It’s 2006 now. I was listening to my iPod on the school bus when Johnny Cash’s “Hurt.” The song begins softly, with a wistful Cash singing of loss and regret over a sparse acoustic pluck.
As a freshman in high school, I didn’t know anything about the song’s mature old-and-death theme. But halfway through the song, something happened. The volume of the guitar and piano increased, and Cash’s voice began to increase. I feel like the hair is standing on the back of my neck. A warm shiver crept up my spine and goosebumps appeared on my arms. It feels as if something important is going on. I don’t know what exactly.But something is coming.
And I was looking forward to the moment when the song would taper off, like it did in the previous chorus…it didn’t. Cash’s voice howled over the percussion of the piano and guitar, which would probably blow up my headphones.
Suddenly, my body was enveloped by an electric current of ecstasy; my heart was buoyed by an indescribable fusion of ecstasy, awe, despair, and longing. Instantly, I realized something in my bones:
This is what it feels like to be alive.
There’s a word that describes this universal human response to music – it means “the moment” when a song penetrates your body and soul.It’s called “frisson,” which is why music from seemingly disparate artists like Johnny Cash, Metallica, Celine Dion, and Mozart are featured on recently released, science-backed songs For the reasons on the list, the researchers claim the songs may give people “chills.” This 715 song playlist Curated by a team of neuroscientists, available on Spotify.
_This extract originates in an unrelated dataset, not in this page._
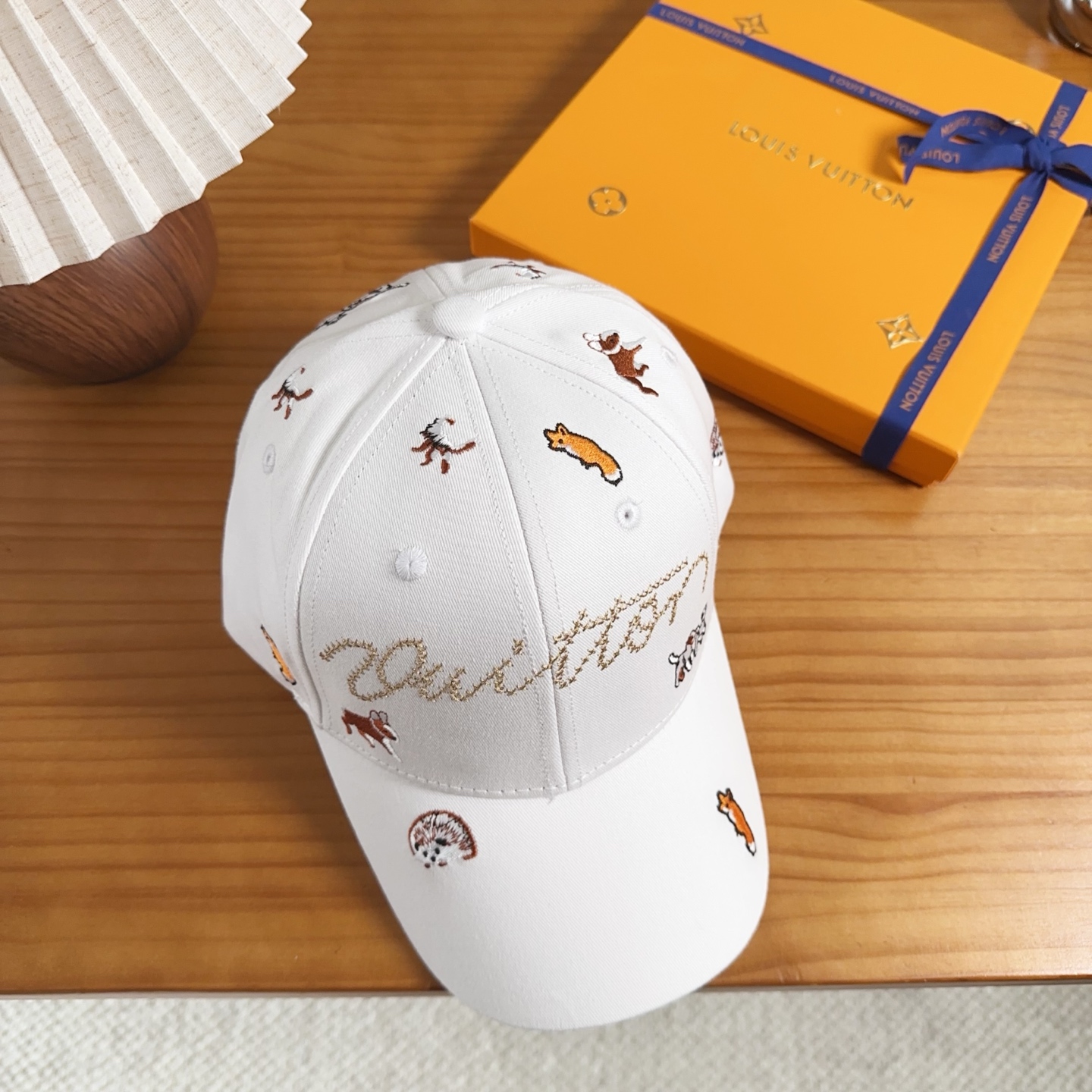 路易威登棒球帽LouisVuitton👒😍新款LV棒球帽，重工打造♥完美刺绣，高端大气，百搭款🤗男女通用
“FrissonDerived from French, it is “a feeling or sensation of sudden excitement, emotion or stimulation”, an experience that is not limited to music. Historically, frisson has been used interchangeably with the term “aesthetic chill”.
according to a Learning in 2019tremors can be experienced when gazing at a gorgeous sunset or a beautiful painting; when a deep insight or truth is realized; when reading a particularly resonant verse; or when watching a movie climax.
researchers often describe A frisson is a “piloerection” (or “skin orgasm”) and states that the experience retains a “physical and psychological component” similar to orgasm. Some people refer to frisson as “delightful goosebumps,” while others argue that Definition should be expanded “Include other appreciable, non-skin reactions such as tears, a lump in the throat, and muscle tension/looseness.”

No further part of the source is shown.